The most vicious pirates of the Carribean want to find out who is the biggest cutthroat, so they make a bet. They're all sailing the same route, and whoever can show the biggest amount of loot at the end of the journey wins. Master pirate Redhook plays the judge, but there aren't many rules - everything is allowed as long as it earns gold.
Redhook's Revenge is one of these boardgames on the computer. The Carribean becomes a playfield, sailing is a matter of rolling the dice and then moving along a predefined line. The square you land on this way contains an event. This can either be something simple like 'go two steps backwards', 'you find 500 pieces of gold' or a multiple choice question. The questions test your knowledge about historical pirates, pirate novels, pirate movies and general sailing-related stuff. Correct answers are rewarded with gold and additional supplies.
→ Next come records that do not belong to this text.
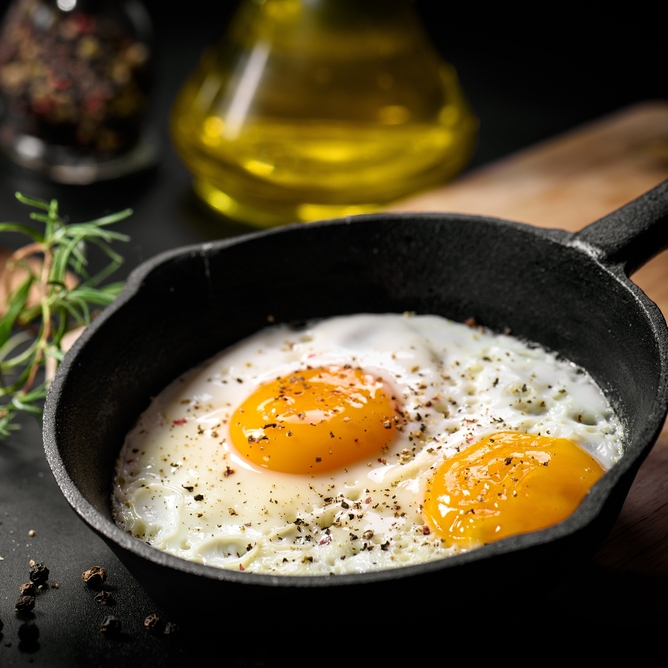 Slika prikazuje dva jaja pečena na oko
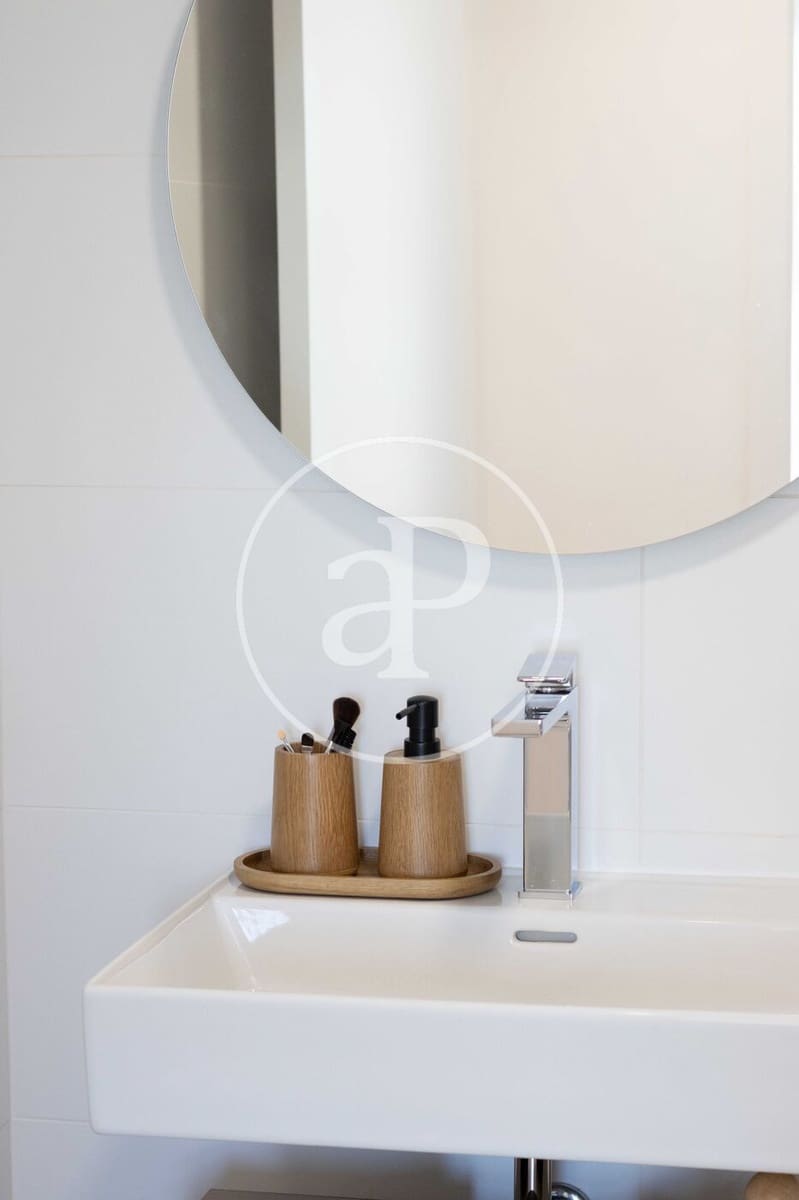 2 bedroom Apartment for sale in Valencia city with pool - € 460,000 (Ref: 9497301)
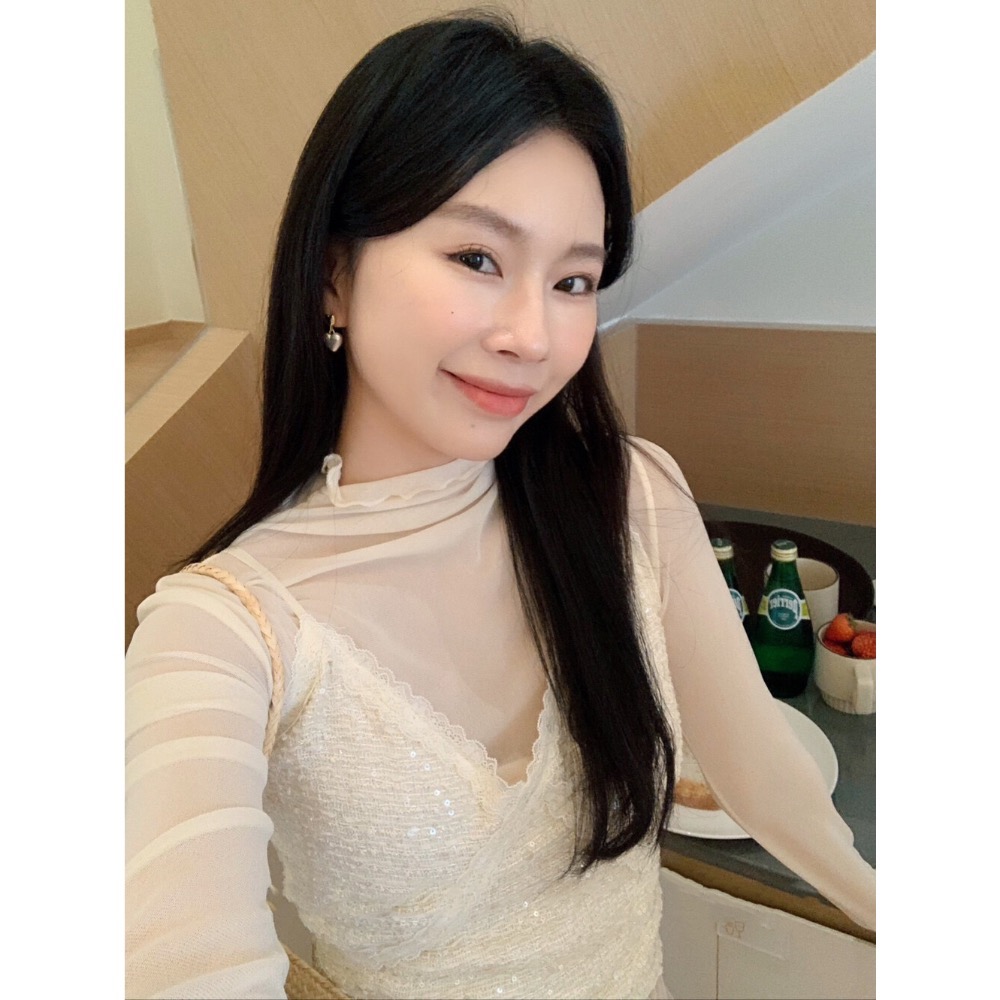 台中現貨⚡️韓系春夏必搭 彈性 超多色木耳邊堆堆領網紗長袖薄款上衣修身顯瘦打底衫-細節圖3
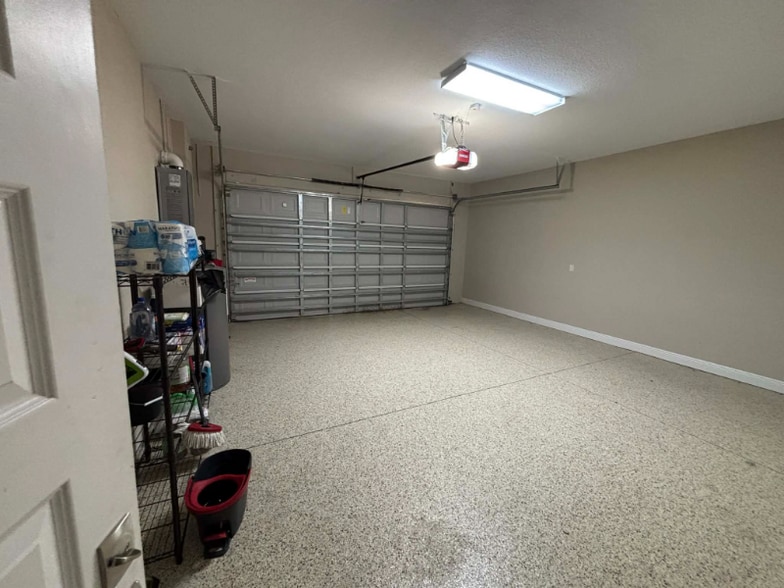 Building Photo - 415 4th Ave SW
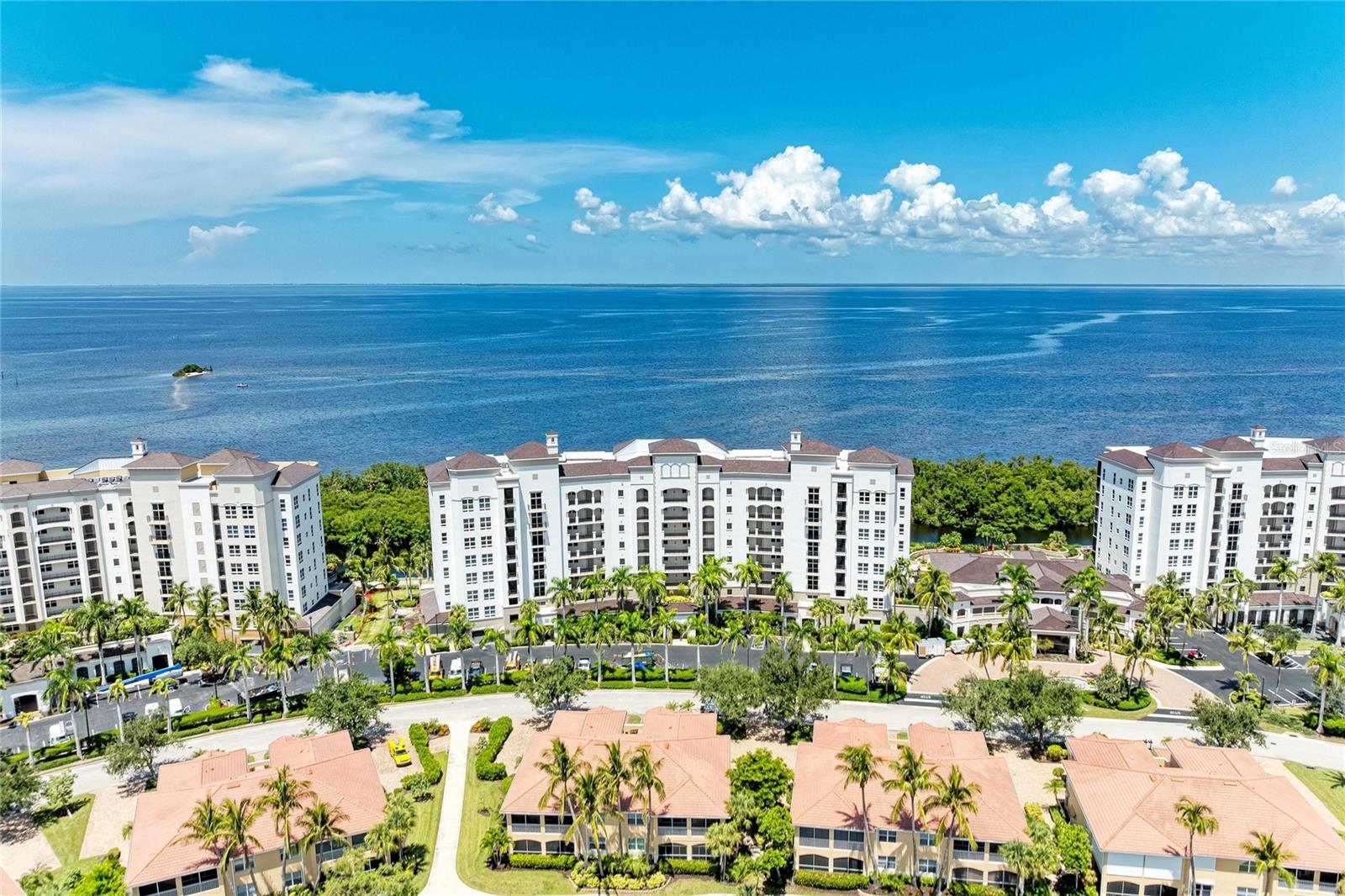 Image 61 of 68 For 3329 Sunset Key Circle 407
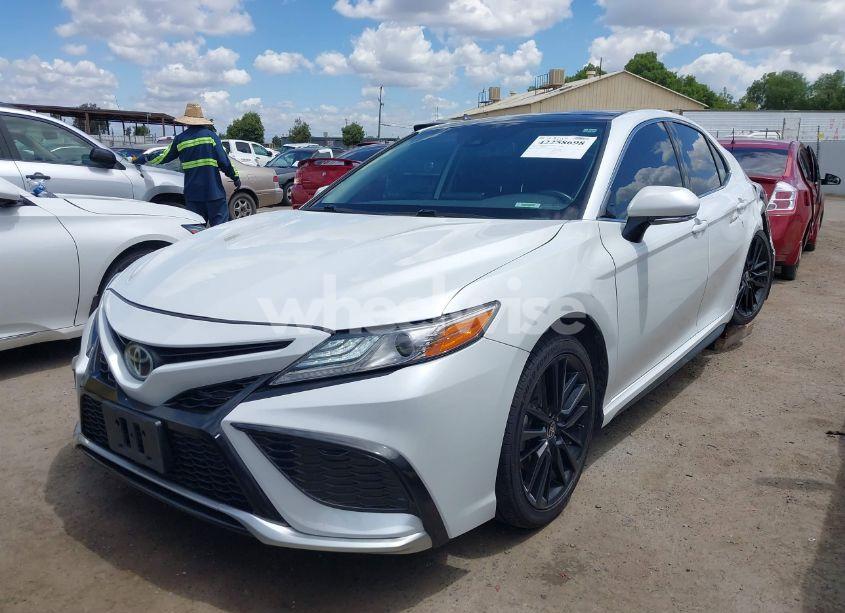 Photo 2 of 2021 Toyota Camry XSE (VIN 4T1K61AK3MU584563)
Supplies like a compass or cloth can be used to avoid negative effects of events. The compass, for example, helps you navigate through thick fog. Without one, you have to pass one turn. You can also keep hostages in your cargo hold, in the hope to receive ransom for them later. Cannons are perhaps the most important piece of equipment for every pirate, though.
The reason is obvious: The competitors' ships can meet on the same square. Then, a battle between them ensues. For each cannon on board, the pirates can roll one dice and whoever rolls the higher numbers wins, looting some money from the enemy and 'winning' the square. So, the more cannons, the bigger the chances for success. Pillaging cities is done the same way: If your ship lands on the right square belonging to one, you can attack the fortress in the hope to sail away with the town's riches.
Being a 'digital boardgame', Redhook's Revenge of course suffers from the same problems as the whole genre. First of all, the trivia questions are repeating themselves too quickly. Once you know them, a good part of the motivation is gone. Second, the more humans participate, the more fun. Playing against AI enemies is alright, but it can hardly compare to the Schadenfreude (sorry, there's no aequivalent translation of that word - look it up) you feel if you've just beaten someone sitting next to you in a battle and stolen his or her money. In any case, it's the perfect party game.
ImagiSOFT started offering the full version of this Shareware game for free in 2004. It can be downloaded from their website (see related links), but that doesn't mean it has gone into public domain. Free redistribution still isn't permitted - and that is why there isn't a direct download link right here on this site. Anyway, it should be worth the two additional clicks needed to head over there.